Descargar la aplicación
62.69% JANJI / Chapter 121: Ini salahku

Capítulo 121: Ini salahku

Malam semakin larut dan jam kerja meri segera berakhir. Ia berkeliling untuk terakhir kali dan memantau perkembangan pasien. Terakhir ia memerintahkan dua pasien yang akan menjalani operasi besok untuk mulai berpuasa setelah memeriksa keadaan mereka.

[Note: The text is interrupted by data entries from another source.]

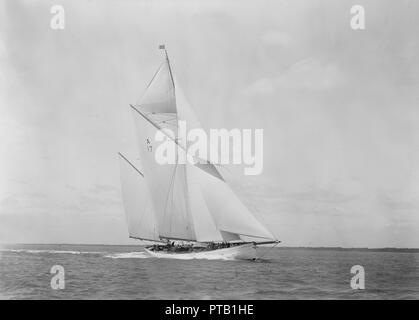 Il piede 118 racing yacht 'Cariad' facendo buoni progressi, 1933. Creatore: Kirk & Figli di Cowes. Foto Stock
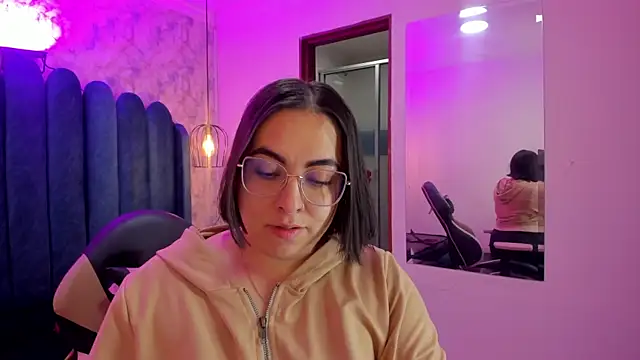 nalalye cruzz  online show from 04/09/26, 02:22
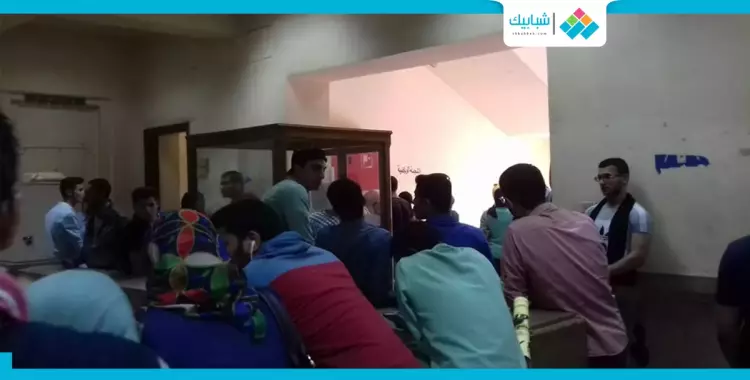  توافد طلاب «حقوق القاهرة» للحصول على تذاكر حفل آمال ماهر 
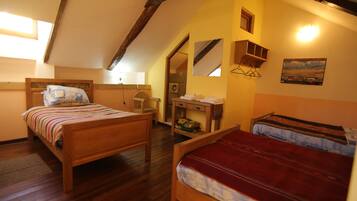 Chambre Triple Standard, 3 lits une place | Rideaux occultants, draps fournis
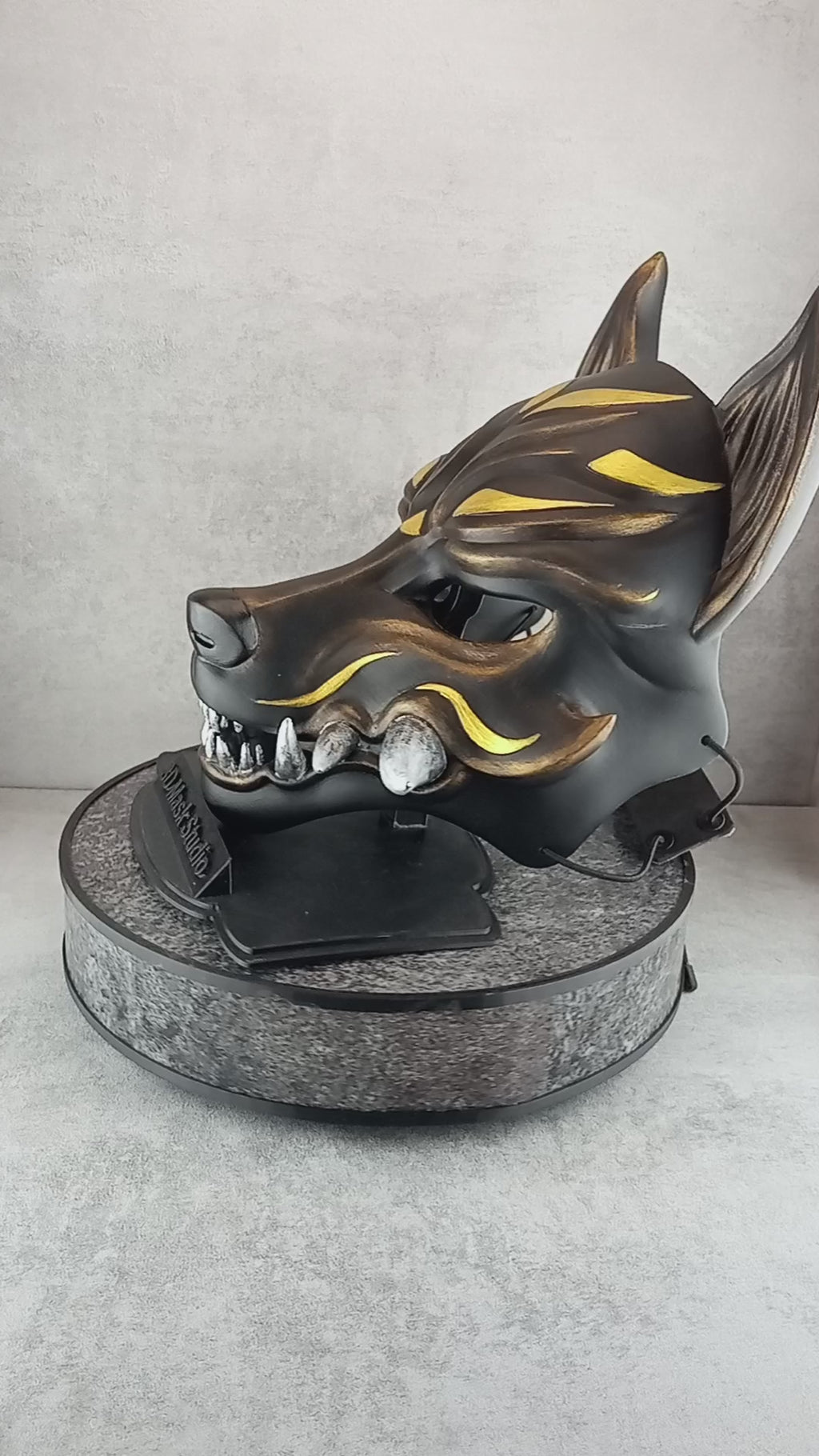 Schwarz mit goldener Okami-Maske, Kitsune-Maske, traditionelle japanische Maske, Youkai-Maske, Wolfsmaske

Meri berjalan santai keluar rumah sakit dan mendapati dokter fuad sudah berdiri di samping mobilnya. Meri melihatnya bingung.

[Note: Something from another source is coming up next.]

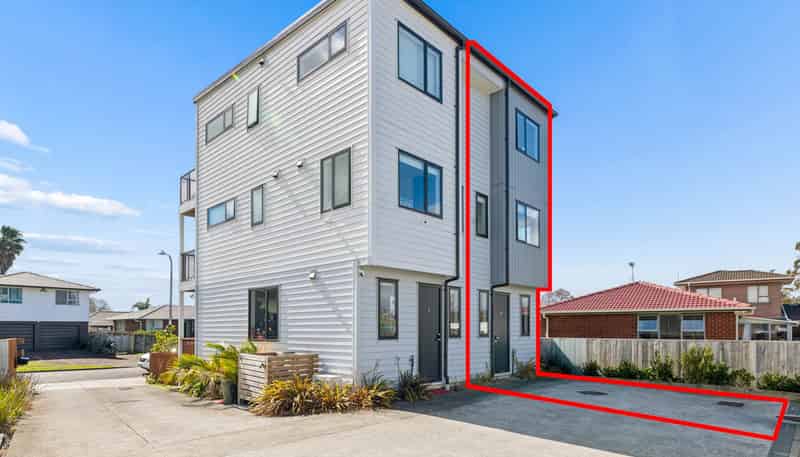 11B Mandarin Place, Half Moon Bay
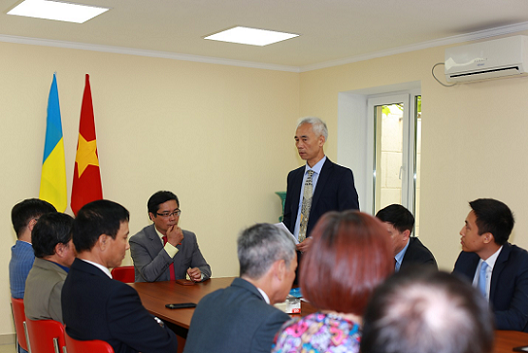 Đại sứ Việt Nam tại Ukraine Nguyễn Hồng Thạch làm việc với Hội người Việt tại Odessa, Ukraine.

"masuklah, aku akan mengantarmu pulang" fuad membuka suara.

"aku membawa mobilku sendiri" jawab meri

"aku juga membawa motorku" fuad menunjuk ke arah tempat motornya terparkir. Motor sport buggati dengan warna hitam. Tampak misterius semisterius tujuan fuad.

Meri memandangnya sejenak "kau mau mengantarku padahal kau membawa motor sendiri?"

"aku hanya mengantar sebagai pengawal. Lagi pula jika aku membawa mobil dan memintamu masuk ke mobilku untuk mengantarmu pulang, apa kau akan ijut denganku?" tanya fuad yang tentu ia sudah tahu jawabannya.

"tidak" sesuai dengan pikiran fuad.

"kalau begitu masuklah ke mobilmu dan aku akan menjadi pengawalmu di belakang"

Tak ingin berdebat lagi, meri masuk ke kursi kemudi mobilnya dan mulai melaju menembus malam. Tak butuh waktu lama karena rumahnya tak jauh dari rumah sakit tempat ia bekerja.

"terimakasih sudah mengantarku" walau meri tak memintanya tapi ia merasa masih perlu berterima kasih.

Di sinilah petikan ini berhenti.